Als alles mit einem vollreifen, beschwingten Finale rechnet, bringt der Pianist Richie Beirach die Realität zurück in den Hofapothekenkeller. An jenem Tag, an dem auch Deutschland die Angst vor Milzbrand erreicht hatte, hält Beirach urplötzlich inne und beginnt zu erzählen.
Vom 11. September, als er vom Fenster seiner Wohnung in Manhattan aus beobachtete, wie die Türme des World Trade Center einstürzten („Das Schlimmste, was ich jemals sah“). Von den 6000 Menschen und den unzähligen Hoffnungen, die unter den Trümmern begraben wurden. Und von der Musik, die nun eine völlig neue, stärkere Bedeutung für ihn erlangt habe. „Wir müssen wieder zuhören, aufeinander hören, achten.“ Atemlose Stille im Auditorium.
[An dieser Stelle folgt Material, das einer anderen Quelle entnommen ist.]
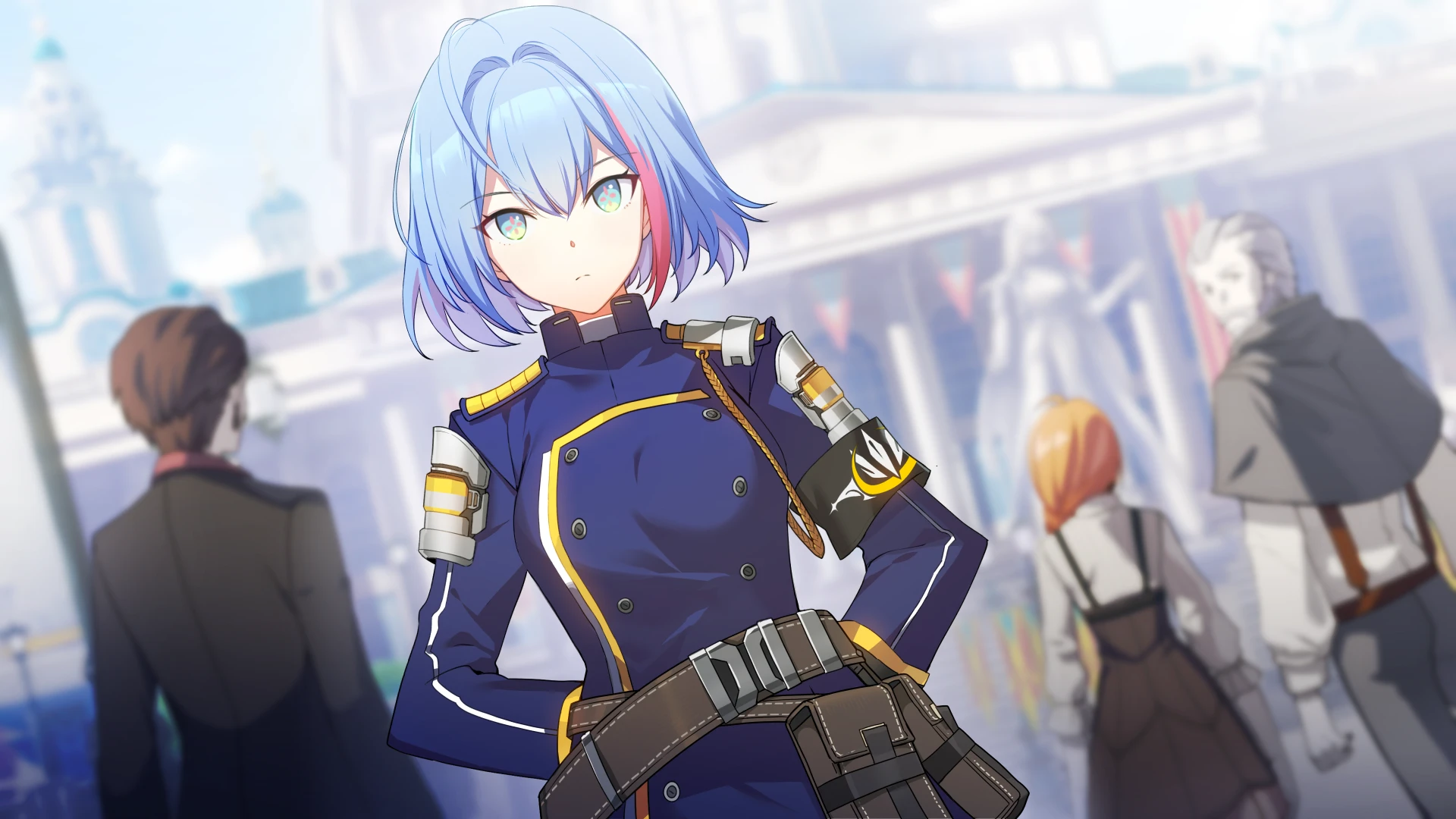 WEST LANCER 01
Dann beginnt Beirach zu spielen. Das Intro seiner alten Komposition „Leaving“: Eine ergreifende, schmerzliche Elegie bar jeglichen Kitsches, die langsam und ganz behutsam von der Band in einen erzählenden, fast poetischen Gestus umgewandelt wird. Noten transformieren verwirrte Gefühle, tief sitzende, aufgewühlte, noch immer nicht verarbeitete Emotionen. Jeder im Neuburger „Birdland“-Jazzclub zeigt Wirkung, manche vergraben ihren Kopf zwischen den Händen, beeindruckt und fassungslos von der ungeheueren kreativen Kraft des untersetzten kleinen Mannes mit dem strähnigen langen Haar und dem grauen Vollbart.
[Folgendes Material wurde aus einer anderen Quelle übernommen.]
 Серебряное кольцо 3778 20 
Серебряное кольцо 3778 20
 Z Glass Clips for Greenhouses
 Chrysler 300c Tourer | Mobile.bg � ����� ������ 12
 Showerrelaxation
Richie Beirach ist ein besonderer Pianist. Kein Jazzmusiker im üblichen Sinn, für den ein Bündel praller Akkorde als Mittel den Zweck heiligt. Der 54-jährige denkt mit Hilfe der schwarz-weißen Tasten, er artikuliert sich über sie. Und er baut Brücken. Zwischen Bebop und Bartok, Amerika und Europa, Gegenwart und Vergangenheit, zwischen Swingfans und Opernanhängern. Überhaupt zwischen den Menschen. Denn für Beirach beginnt die Intoleranz bereits bei den Stilgrenzen.
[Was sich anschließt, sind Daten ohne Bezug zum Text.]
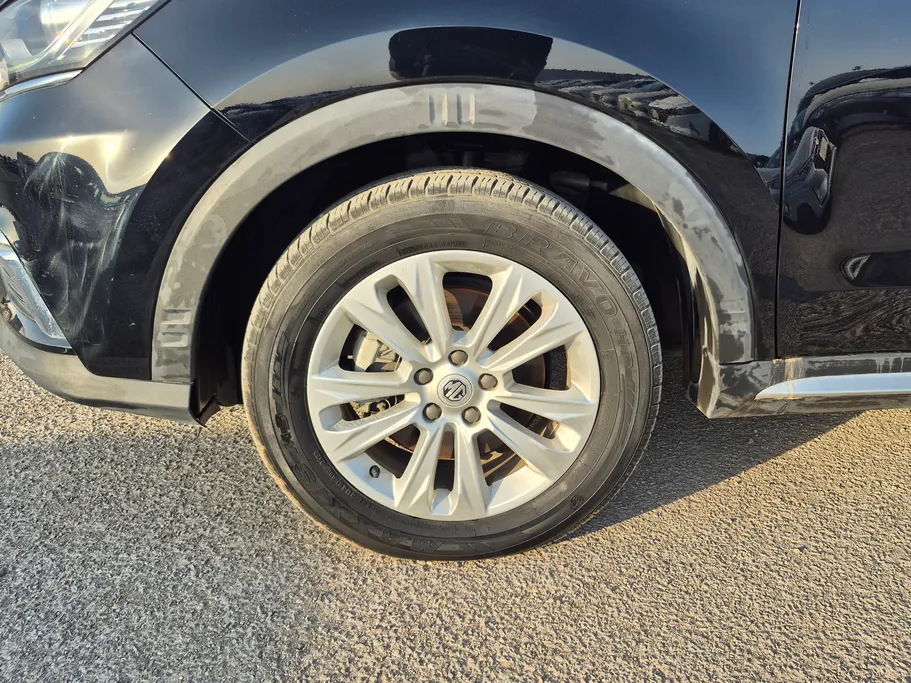 ام جي RX5 STD 2023 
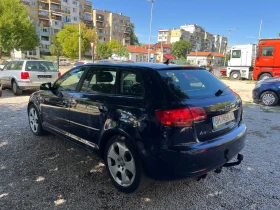 Обява за продажба на Audi A3 2.0 T 4x4 200KC ~5 999 лв. - изображение 4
So sucht er in jedem Stück dessen verlorene Unschuld, durchforstet es nach Zwischenräumen und ungespielten Variationen. Beispiel: Die Edelballade „Alone Together“, die er mit dem Quartett des hochtalentierten Würzburger Tenor-/Sopransaxofonisten Hubert Winter in die modalen Straßenschluchten einer Großstadt zurückwirft. Bassist Dietmar Fuhr streicht sein Instrument wie ein flehendes Cello, Winter erwischt auf Anhieb diesen trüb-nebligen, knorrigen Unterton, während Drummer Bill Elgart wie ein Metronom tickt, bevor Beirach diese Tristesse in Moll mit einem hinreißend groovenden Befreiungsschlag auflöst.
Wenn der Professor an der Uni Leipzig schwitzend übers Elfenbein galoppiert, sich von der eigenen Power immer wieder aus dem Klaviersessel lupfen lässt und mit dem Fuß unentwegt wippt, dann nährt er sich in erster Linie von der Disziplin seiner klassischen Ausbildung. Diese lehrte ihn, mit der linken Hand stur seinen eigenen Rhythmus zu halten, um der Rechten so alle Freiräume aufzureißen. Kurze, morseähnliche, ostinate Figuren oder große Pausen münden in sintflutartige Läufe oder gewitterähnliche Cluster.
Und wer bislang nur darüber rätselte, warum dem Anschlag eine derart große Bedeutung beigemessen wird, dem demonstriert es der Tastenvirtuose spätestens in Themen wie „Boston Harry“ oder „Paradox“. Dabei entsteht auf ganz natürliche Weise Autorität, die ihn die Dynamik jeder Band regeln lässt, ihm Kontrolle über Stimmungen, Abläufe und insgeheim auch über seine Mitmusiker verleiht. Richie Beirach weiß wie kein Zweiter mit diesen Möglichkeiten umzugehen. Er benützt sie nicht um der bloßen Macht Willen, sondern um etwas zu bewegen. Die Musik, die Menschen, die Welt.